It’s a tough thing when two siblings close in age live together especially in the same bedroom. It’s even harder when you love them both and you know that they’re each hurting and confused with all the changes to their little worlds. How can you broach the topic without making it seem like you’re pointing fingers?
Time for a sibling intervention.
I’ve only seen one episode of the TV show “Intervention” when I was forced to watch it in my TV History class in college. I’m not a big fan of airing people’s pain for ratings, but it did give me an idea of how to try to fix our “suddenly sister’s” dilemma.
Since we’re talking about tweens and not adults (and since I’m a film school dork) I decided that we would use a movie as the catalyst for the intervention discussion. I picked one of my family favorites “Yours, Mine and Ours” starring Rene Russo and Dennis Quaid. [Film Dork Trivia : This movie is actually a remake of the 1968 film starring Lucille Ball and Henry Fonda]
I chose “Yours Mine and Ours” because it not only deals with family blending, but it also promotes a healthy view of foster care and adoption. Not many movies accomplish that.
The PlanWatch the film while we all stuffed our faces with popcorn.
Afterward discuss how the film mirrors our family life.
Ask the girls if they can relate to how the characters felt.
Everyone cries, says they’re sorry then hugs and makes up.
What Actually HappenedWe did watch the film and ate gross amounts of popcorn.
The girls felt like a deer in headlights when they realized we were going to have a “talk” after the movie.
The girls started out hostile, but then began to see things from the other person’s point of view.

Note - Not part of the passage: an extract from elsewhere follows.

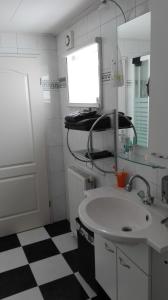 シント・アナラントにあるhet Boothuisのバスルーム(白い洗面台、鏡付)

I mentioned how they had both had prayed for a sister close to their age and how they had each gotten what they wanted.
We let them know how “hard we know this is”, but how they need to show love first. (and if they can’t then “fake it til they feel it”)
Each of the girls said sorry and that they would try harder followed by a (forced) hug.
It’s been noticeably better since we had the sibling intervention. There has been a lot more kindness and a lot less jealously. It reminds me how import it is to get to the root of the problem and talk it out. (even if you don’t think they’re listening). I know we have a long way to go with these two, but I also see where they can be headed. A sister is an amazing gift. One that I hope these two will treasure for a lifetime.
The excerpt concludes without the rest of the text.